● WHAT IS REQUIRED: Please transcribe the listing that follows exactly; images are to be excluded.

● RECORDS:
◇ ◇ ◇ ◇ ◇
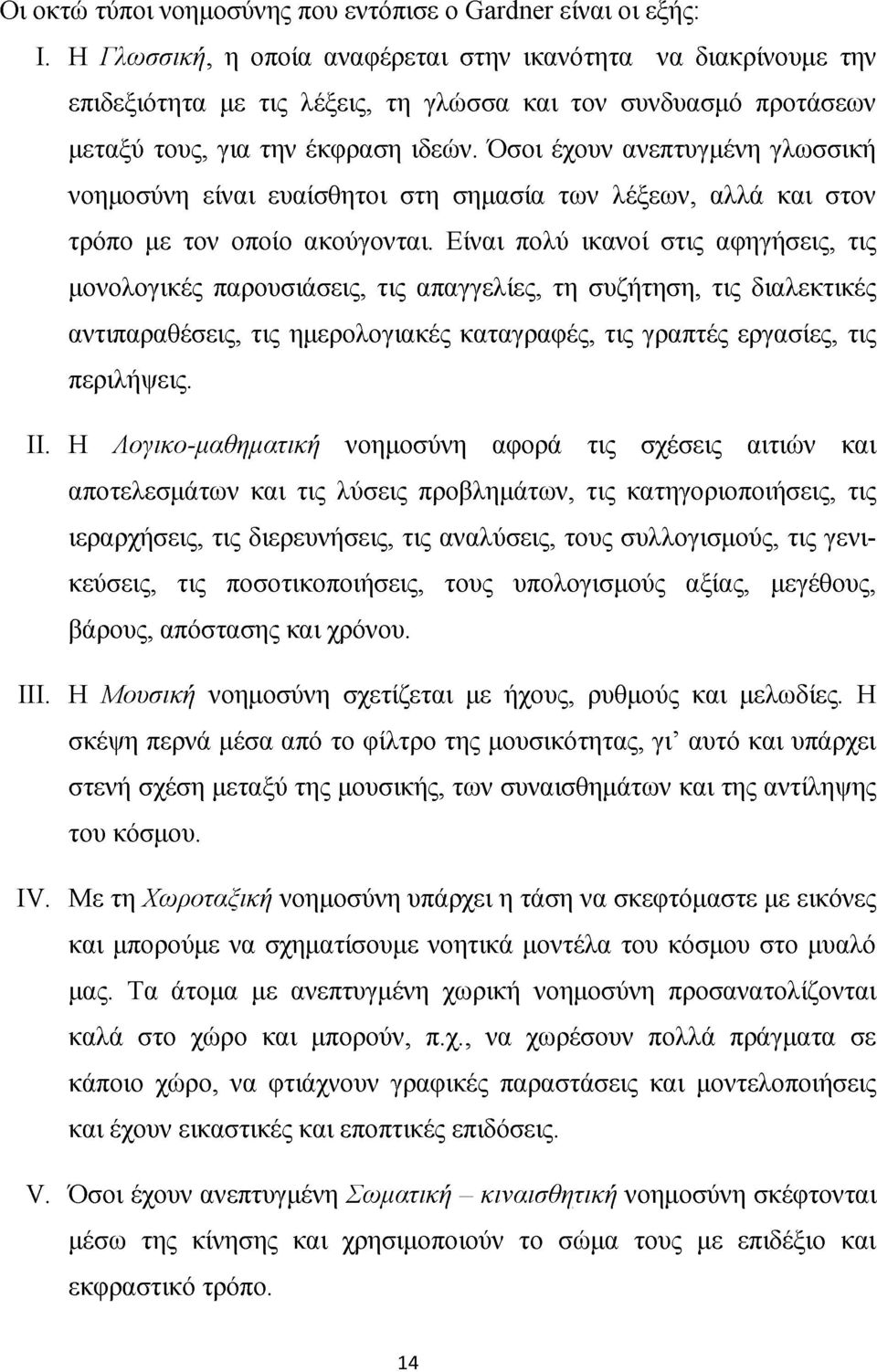 Όσοι έχουν ανεπτυγμένη γλωσσική νοημοσύνη είναι ευαίσθητοι στη σημασία των λέξεων, αλλά και στον τρόπο με τον οποίο ακούγονται.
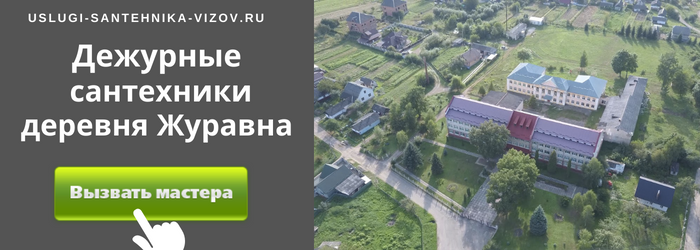 Дежурный сантехник, аварийный вызов сантехника в деревню Журавна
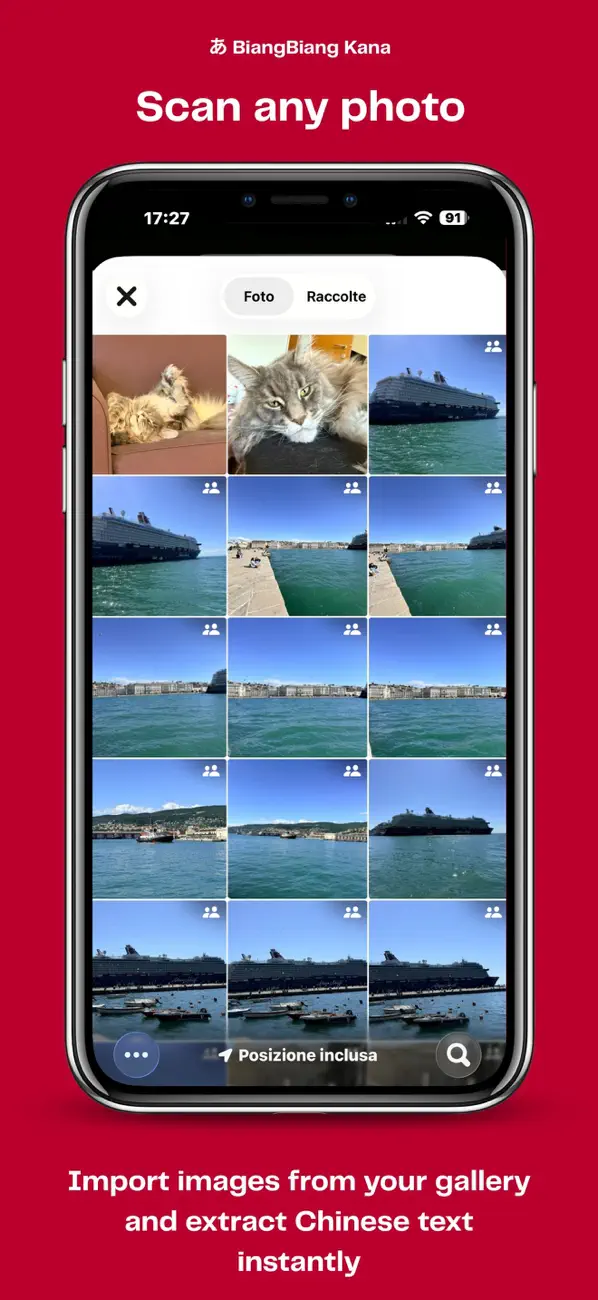 Screenshot #3 pour BiangBiang Kana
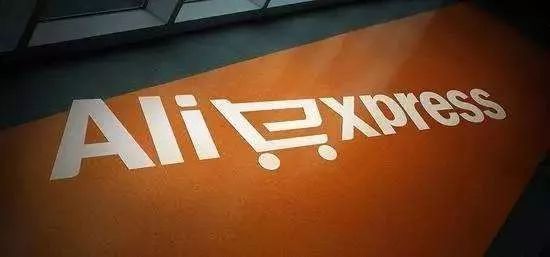 速卖通助力中国新品牌WorthWhile，学他还跟得上吗？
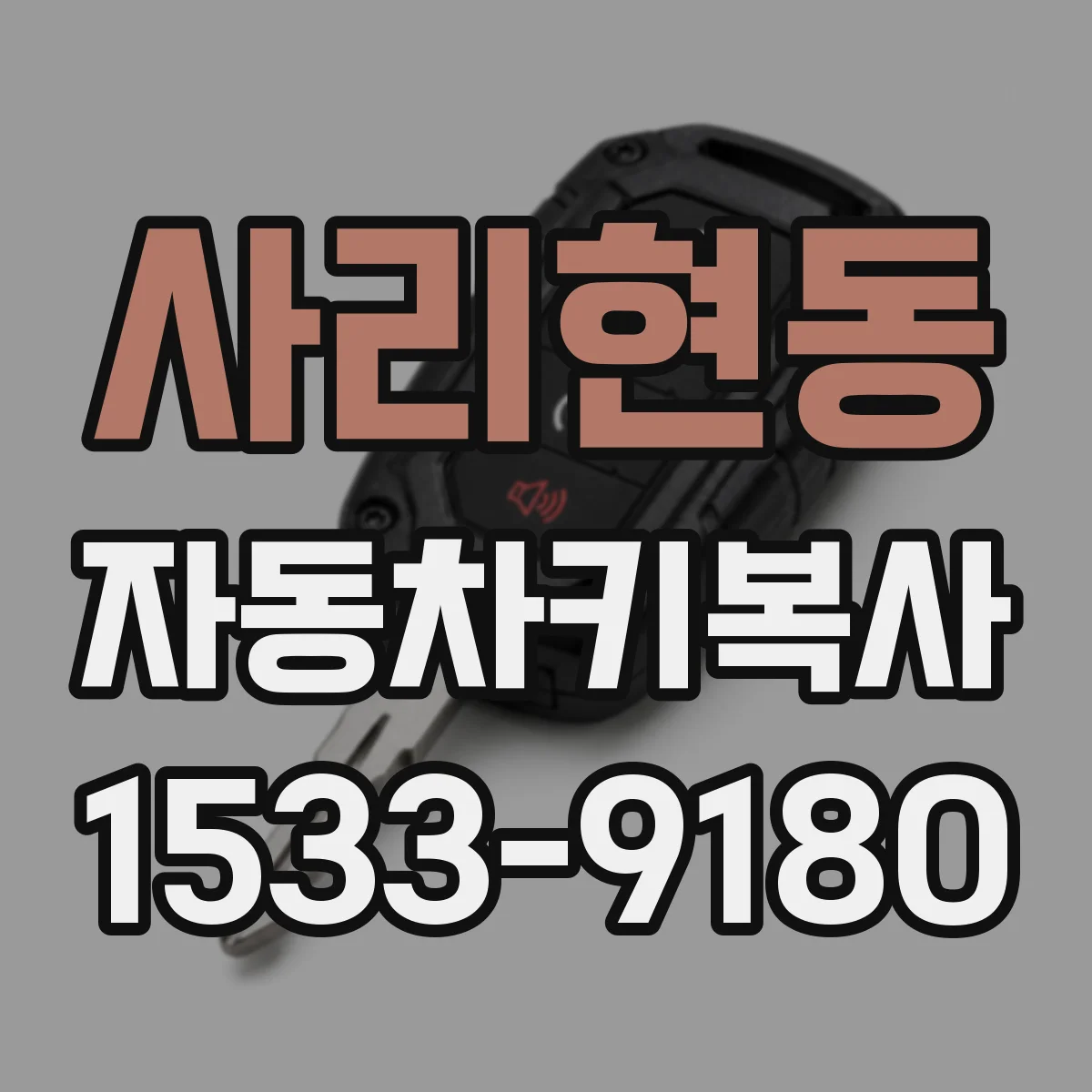 사리현동 자동차키복사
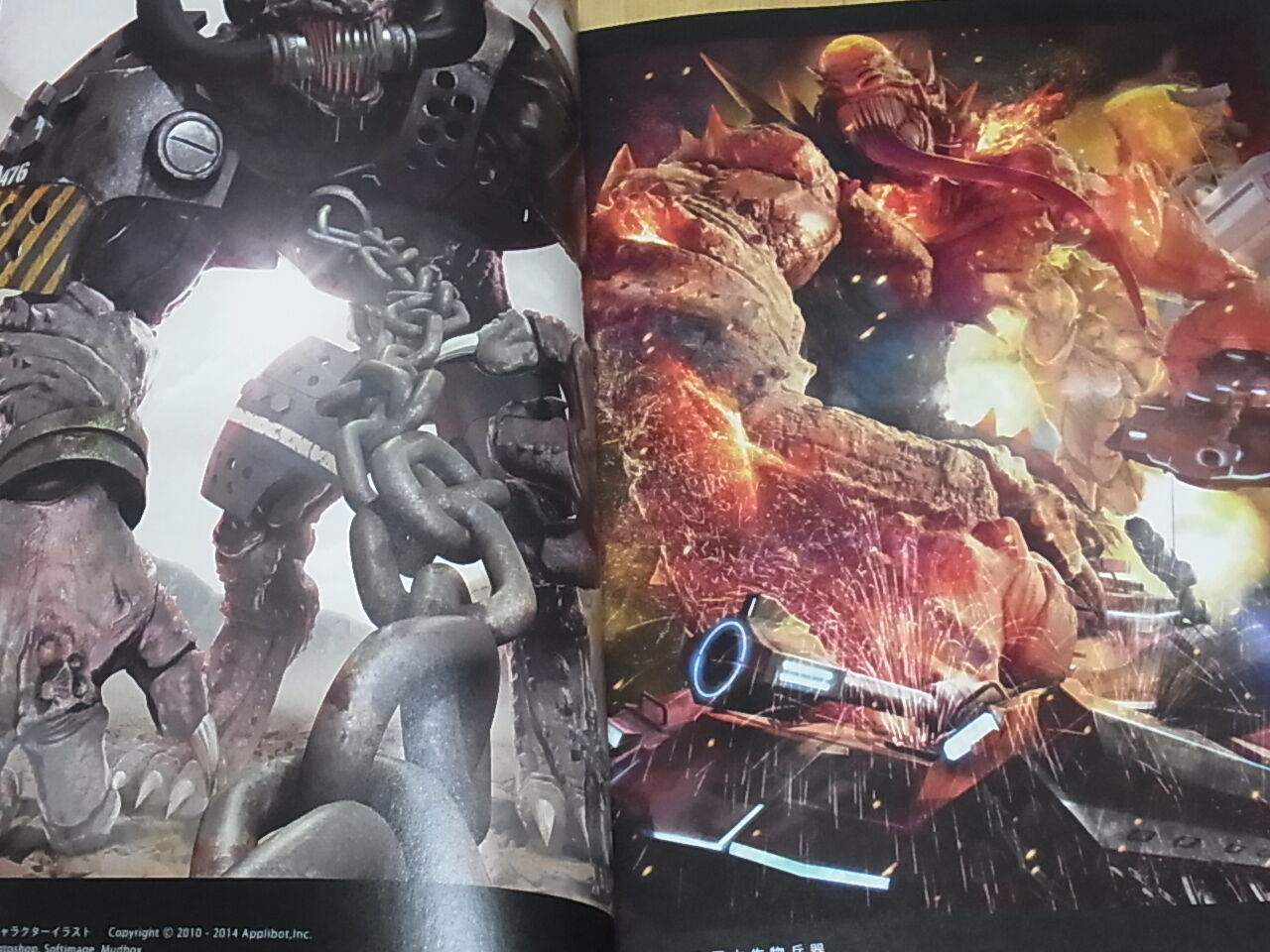 Yoshinobu Saito Color Illustration Art Book YOSHINOBU SAITO ART WORKS 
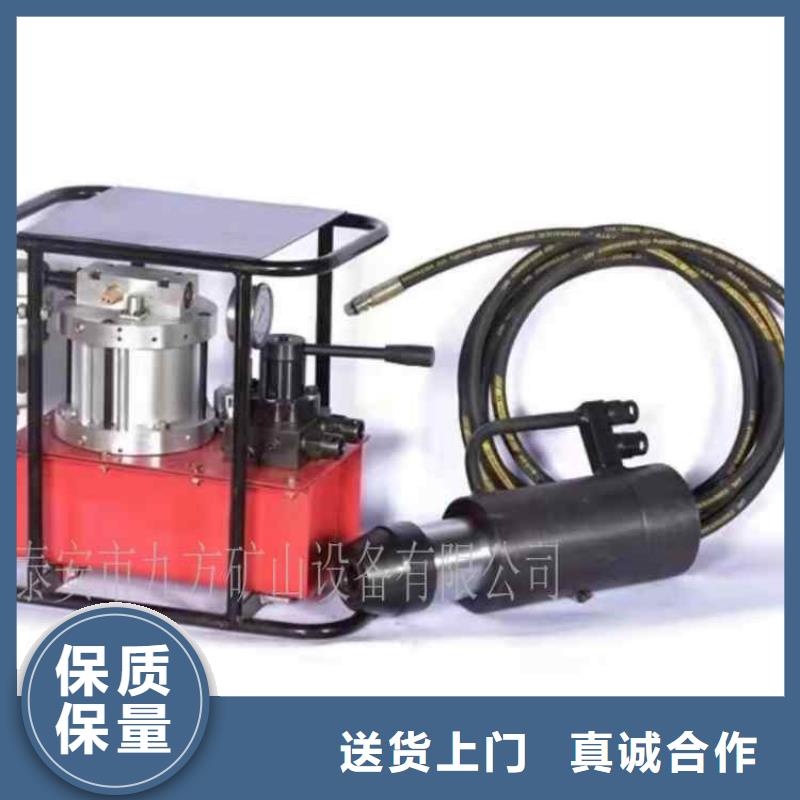 矿用锚索张拉机具,【锚杆扭力扳手】现货充裕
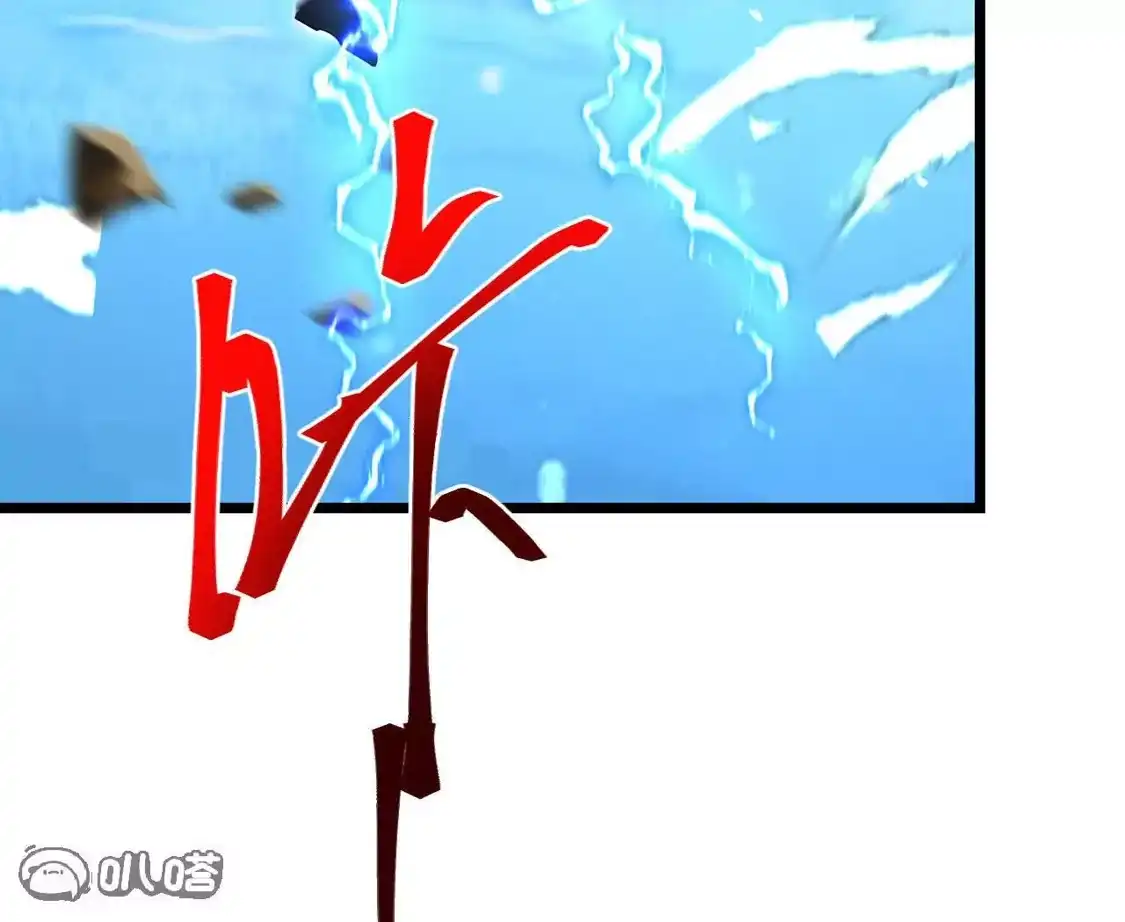 第212页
◇ ◇ ◇ ◇ ◇
● REPLY:
 Όσοι έχουν ανεπτυγμένη γλωσσική νοημοσύνη είναι ευαίσθητοι στη σημασία των λέξεων, αλλά και στον τρόπο με τον οποίο ακούγονται.
 Дежурный сантехник, аварийный вызов сантехника в деревню Журавна
 Screenshot #3 pour BiangBiang Kana
 速卖通助力中国新品牌WorthWhile，学他还跟得上吗？
 사리현동 자동차키복사
 Yoshinobu Saito Color Illustration Art Book YOSHINOBU SAITO ART WORKS 
 矿用锚索张拉机具,【锚杆扭力扳手】现货充裕
 第212页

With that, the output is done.